Francis brings us back to the heresy of heresies



Francis sees "great religions" at the heart of humanity - and great heresy revealed

STEPS TOWARDS A ONE WORLD RELIGION

Is Francis leading the Church down the heretical path of the one-world religion of unity?

Francis traveled to the Persian Gulf Kingdom of Bahrain from November 3-6, 2022. There he participated in a dialogue forum entitled "East and West for human coexistence". He accepted the invitation of the secular and religious authorities of the country, King Hamad II of Bahrain and the Council of Muslim Elders. The Priestly Fraternity of St. Pius X (FSSPX) clearly criticized Francis' speech.

On Friday, November 4, 2022, Francis delivered a speech to this Council of Muslim Elders at the Sakhir Royal Palace Mosque in Awali that deserves to be remembered. The Pope was received for the first time by the Grand Imam of Al-Azhar, Ahmad al-Tayyeb, with whom he had signed the controversial document on human brotherhood for world peace and common coexistence in Abu Dhabi on February 4, 2019. According to the communiqué, this is a large-scale deployment of dialogue.

For the Abu Dhabi document, Francis sometimes reaped severe criticism in the Catholic world, which the Austrian philosopher Josef Seifert summed up in the sharp formulation that the document contained the "heresy of heresies." Auxiliary Bishop Athanasius Schneider also commented on it at length.

What conclusion does Francis draw from that criticism? Apparently none, or in other words, he considers it irrelevant, at least not important enough to change his course. In Bahrain, he followed up.

In his speech, which was read, Francis said a word that sounds like a denial of the kingship of our Lord Jesus Christ. This is the text:

"In the face of an increasingly wounded and torn humanity, which breathes with anxiety and fear under the garb of globalization, the great creeds must be the heart that unites the members of the body, the soul that gives hope and life to the highest aspirations."

The Fraternity of St. Pius X (FSSPX) news site wrote in this regard:


"There is one Lord of humanity and one King who unites the members of his mystical body; one Spirit who is like the soul of that body; and one God, Jesus Christ, who can "give hope to the highest aspirations": salvation and the eternal vision of God that will fulfill and surpass the highest aspirations imaginable. And all people are called to be part of the mystical body of Christ by the grace of God. No other "religion" or so-called religion can give "hope" or "life to the highest aspirations" of man. None of them can be a "heart uniting the members" but by a mere human union, totally incapable of realizing this marvelous union among its members by grace."

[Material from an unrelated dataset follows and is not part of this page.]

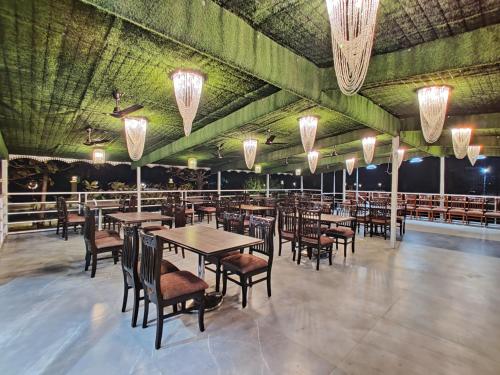 Gallery image of Golden Chariot Hotel Daman in Daman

No other religion "was "founded by God:" They are the fruit of human invention, and propagate doctrines incompatible with the immutable truth which is Christ, the eternal Word of God."

How then could these religions be "the heart that holds together the members of the body"?

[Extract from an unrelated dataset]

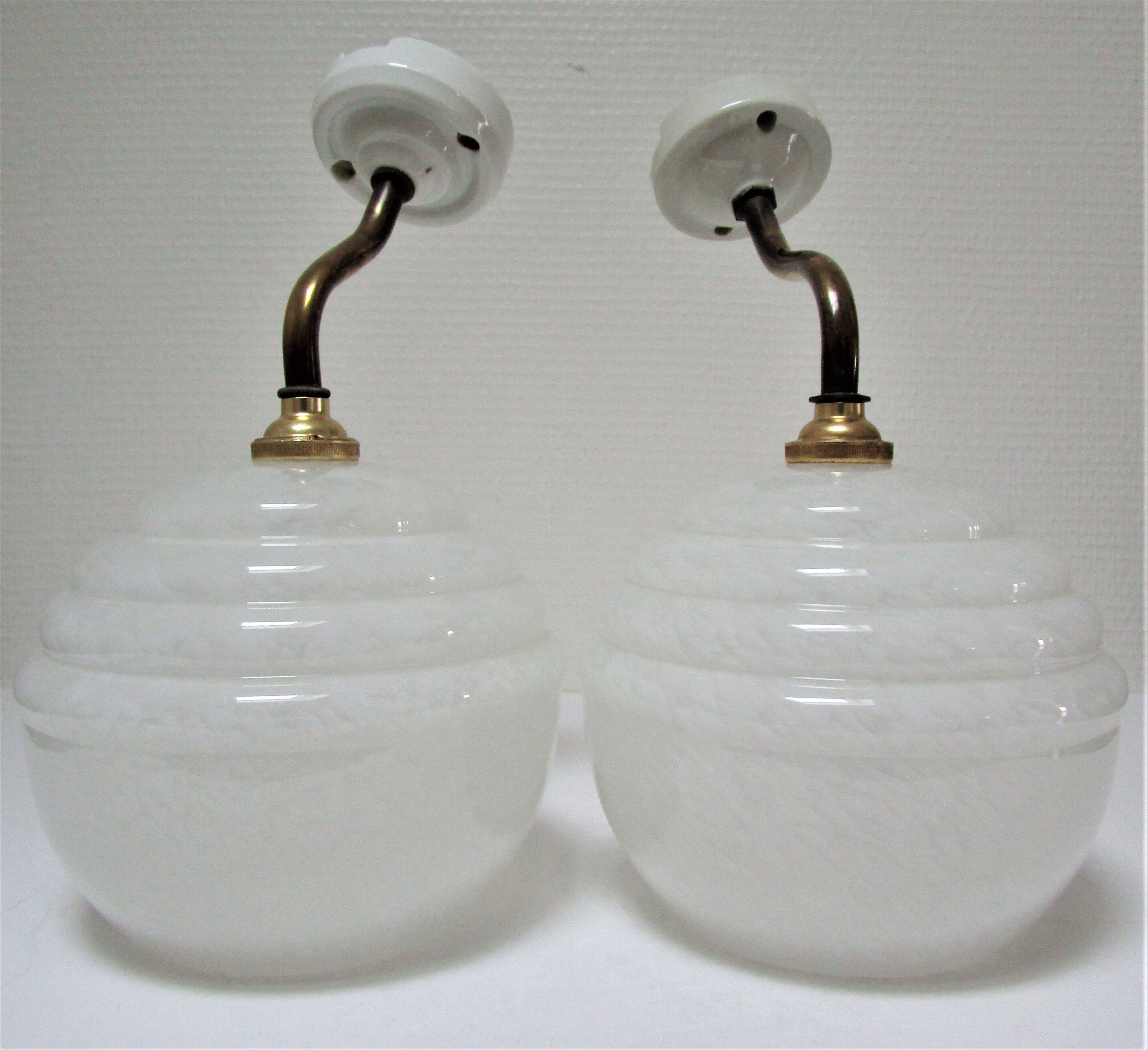 Pair of porcelain sconces brass glass of clchy white art deco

On this, the Pius Fraternity:

"The thought behind these words is always the same: all religions must constitute a movement for the spiritual animation of universal democracy, as Father Georges de Nantes rightly said.

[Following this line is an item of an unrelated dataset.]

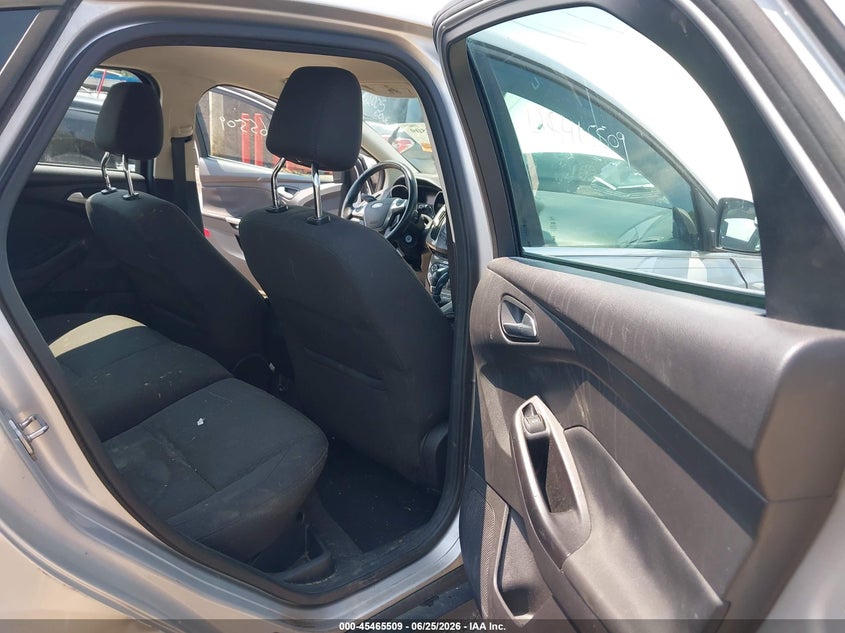 2012 FORD FOCUS auction photo 8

All this can only lead to a profound indifferentism, to a distancing of Catholics from their religion, which, according to them, should be more and more only a copy of civil and political society, sprinkled with a pseudo-characterism with tints of naturalism.

Usquequo Domine? How much longer, Lord?"

Theologian and blogger Maria Guarini also pointed out that Francis was not affirming for the first time that "we are all brothers" because we are God's creatures. However, Christians are children of God, not just creatures, because they have been adopted by God. Therefore, if it is affirmed that "all" are "children of God," it is a false doctrine that affirms something it is not. 


"It is to deny Christ and his redemptive act, because we are children of God through Jesus Christ." 

This brings us back to the "heresy of heresies," the denial of the deity and redemptive act of Jesus Christ.